Friday 30 August 2019 7:14 am

New comparison website claims to be 'Skyscanner for interiors'

Ever bought a piece of furniture that you thought was just right for your home, and then been dismayed to stumble across a very similar item that was a better shade, significantly cheaper, or just a bit nicer?

This is the problem that Kuldea, a new comparison website billing itself as a kind of Skyscanner for the interiors-obsessed, claims to help you solve.

Founder Deirdre McGettrick, who left her job at a City bank to run the start-up earlier this year, says it was borne from her frustrations when furnishing her own home. “I would look at things like Pinterest and Instagram and get lots of inspiration, but when I went to buy items I found it really difficult,” she says. “You have to go to every individual retailer’s website, and if your requirements are specific they might only come up with a couple of products.”

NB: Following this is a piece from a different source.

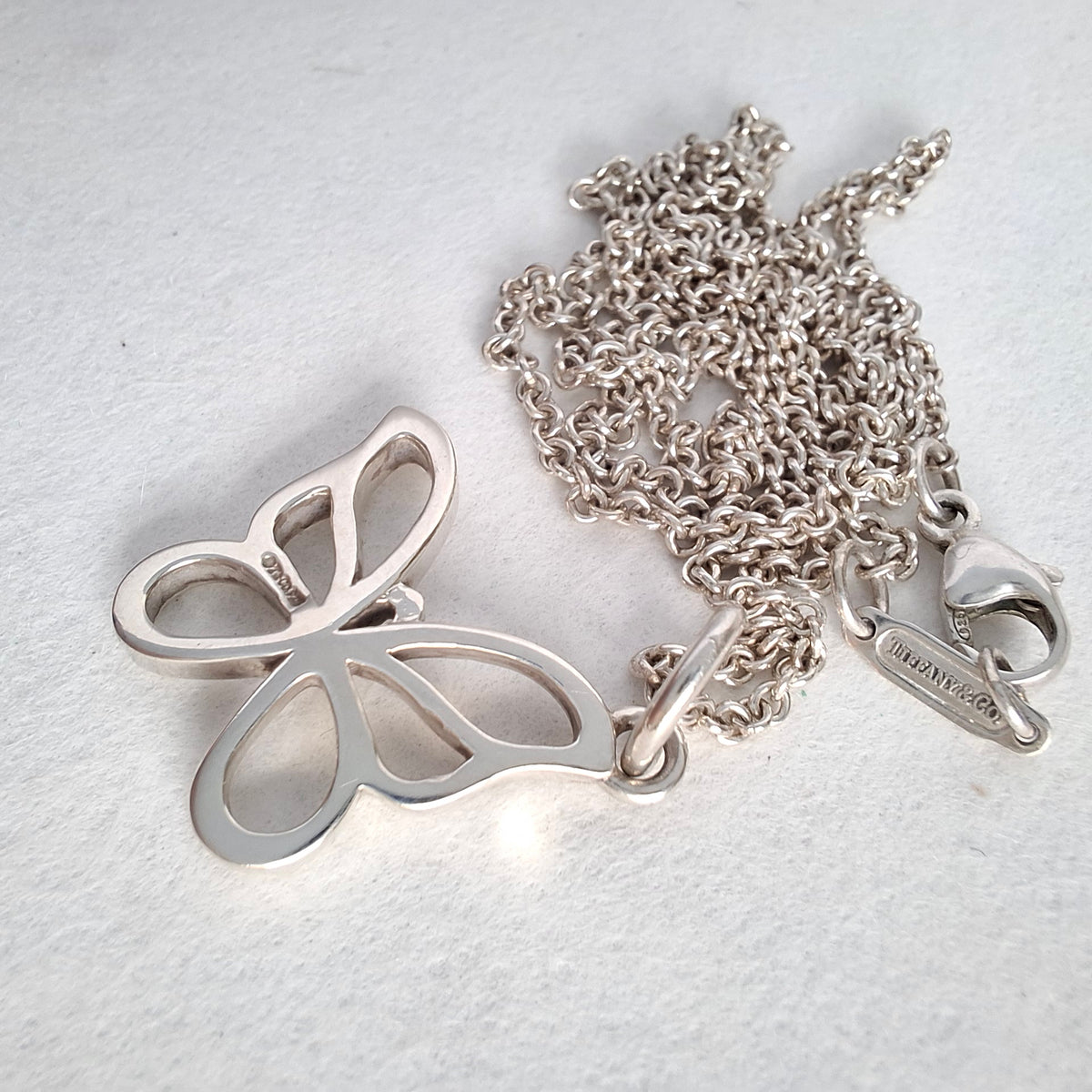 Vintage Tiffany & Co Silver Butterfly Necklace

Interiors are emotive – people don’t want to miss out on the perfect product

On Kuldea – a portmanteau of ‘cool idea’ – customers can browse items from lots of brands – there are currently 68 on the site, including Dwell, Maisons Du Monde and The French Bedroom Company – before clicking through to their websites to buy.

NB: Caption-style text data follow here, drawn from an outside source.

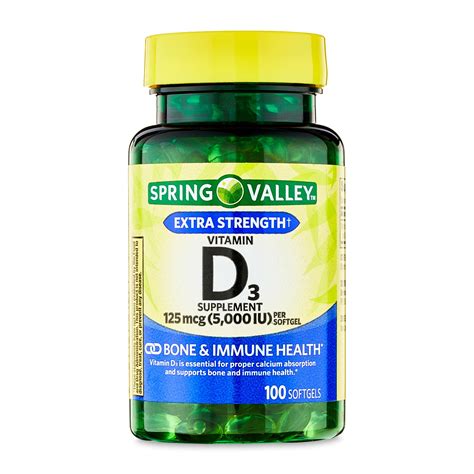 Brandclub - Spring Valley Vitamin D3 Softgels, 5000 IU, 100 Count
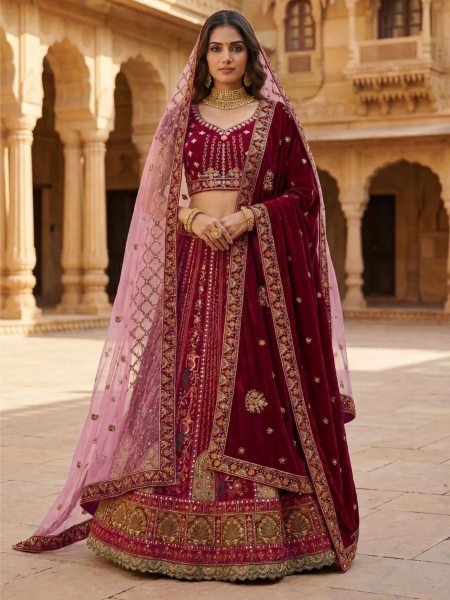 Enduring Pink Velvet Lehenga Choli with Heavy Embroidery and Double Dupatta  Lehenga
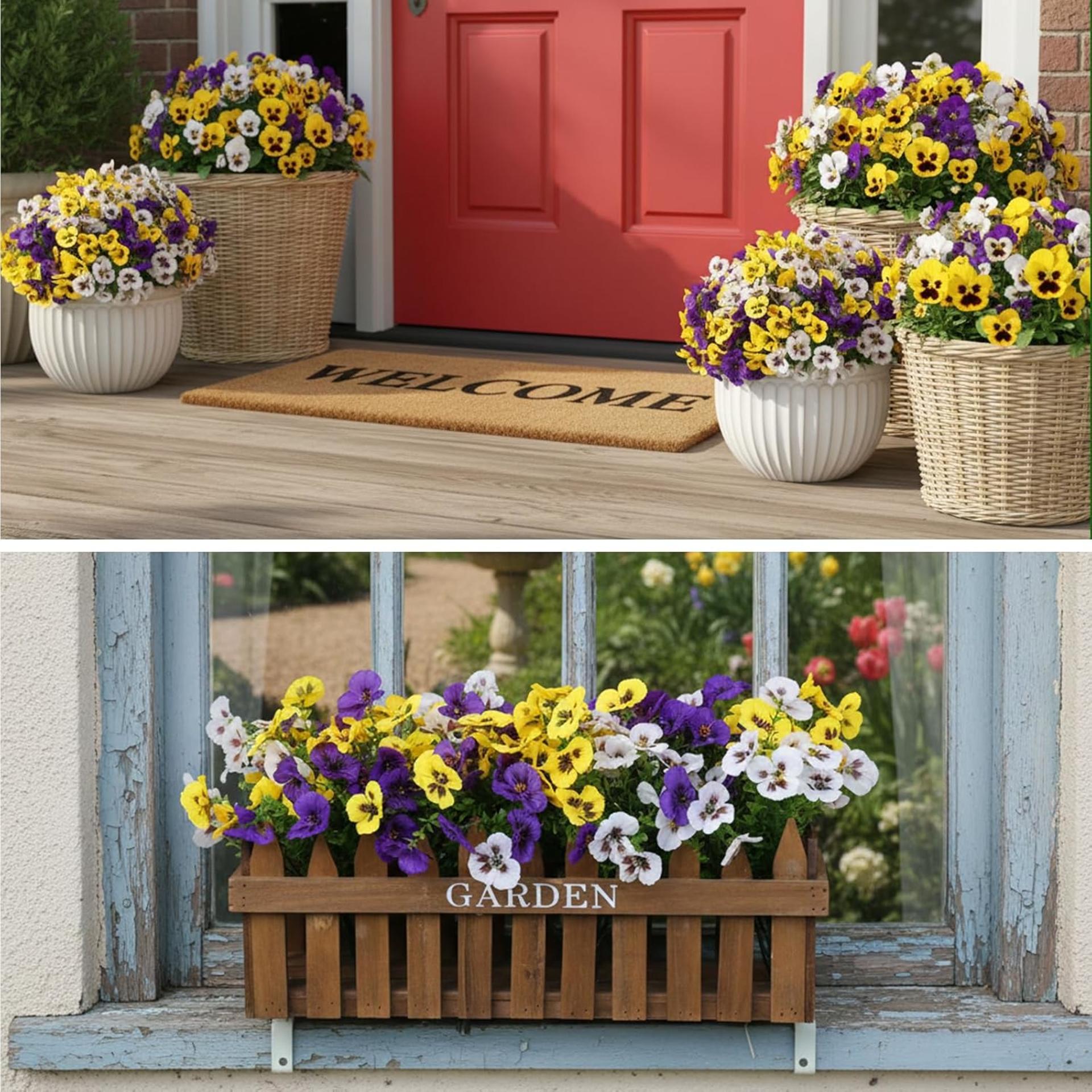 12 Bundles Artificial Pansy Flowers with Eucalyptus Leaves for Indoor Outdoor Decor - 6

You can search by product type or room, and then narrow the results down using factors such as colour and price. “Interiors are emotive – people don’t want to miss out on the perfect product,” McGettrick says, adding that the glut of home decor accounts on Instagram has been good for business.

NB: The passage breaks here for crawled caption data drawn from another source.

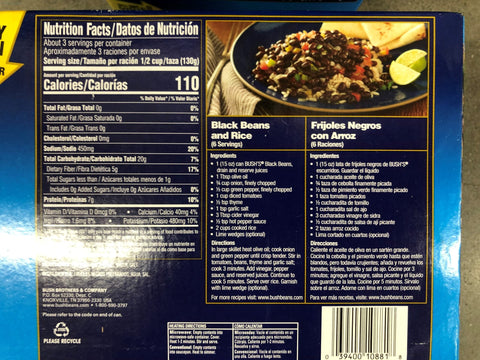 12 Cans of Bush's Black Beans, 15 oz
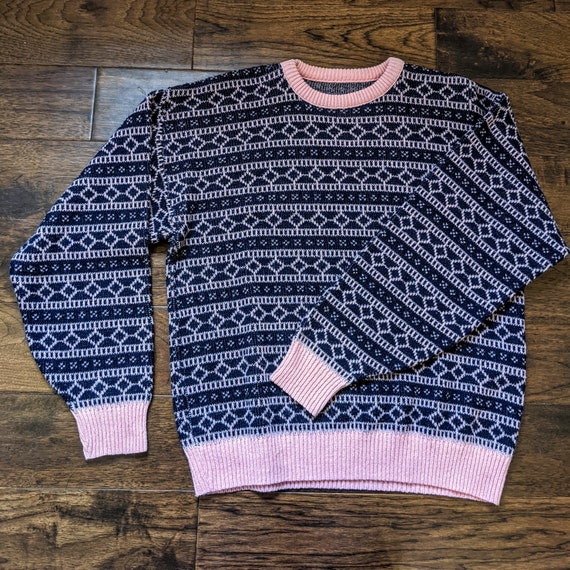 80s/90s Acrylic Navy and Bubblegum Pink Sweater - image 1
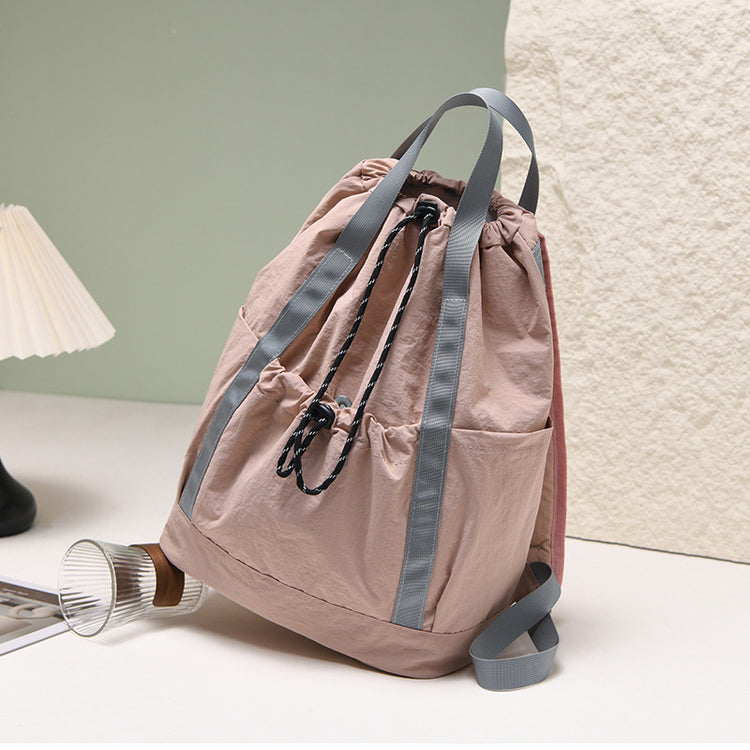 致青春|新款抽繩雙肩包騎行背包大學生羽毛球包大容量運動休閒旅行包「2025-4-125」25.07-4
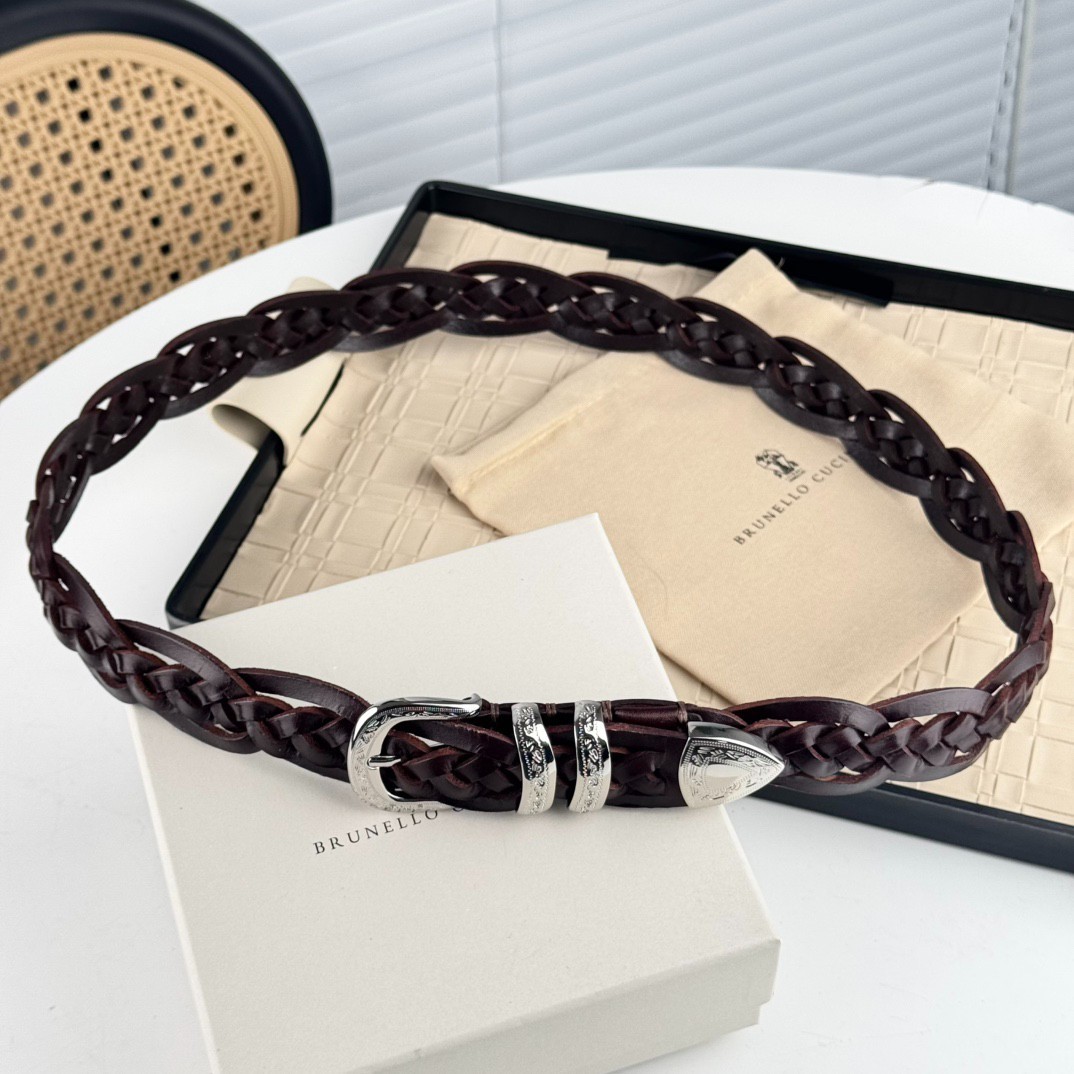 BRUNELLO CUCINELLI Brown Braided Leather Silver Buckle Belt BRUNELLO CUCINELLI Brown Braided Leather Silver Buckle Belt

Maisons Du Monde is one of the brands that can be searched for on Kuldea

The difference between browsing on Kuldea and a department store website is that the products aren’t curated, so you see a much wider range of items – even if you do have to sift through them yourself.

The most popular products are sofas and coffee tables, but one more unusual trend McGettrick is tipping after a spike in searches is drinks trolleys. She also predicts that bold patterns are coming back in a big way.

More broadly, she says buyers are moving away from “fast furnishing”: cheap, trendy items that will need to be replaced in a couple of years. “People are investing more in key staples which will still look good in 20 or 30 years,” she says.

She is also about to sign up a new retailer to the site who deals exclusively in ‘upcycled’ products, giving customers the option to avoid buying new altogether.

New brands are being added all the time, so if you’re uncompromising when it comes to your home this could prove a to be a time-saver.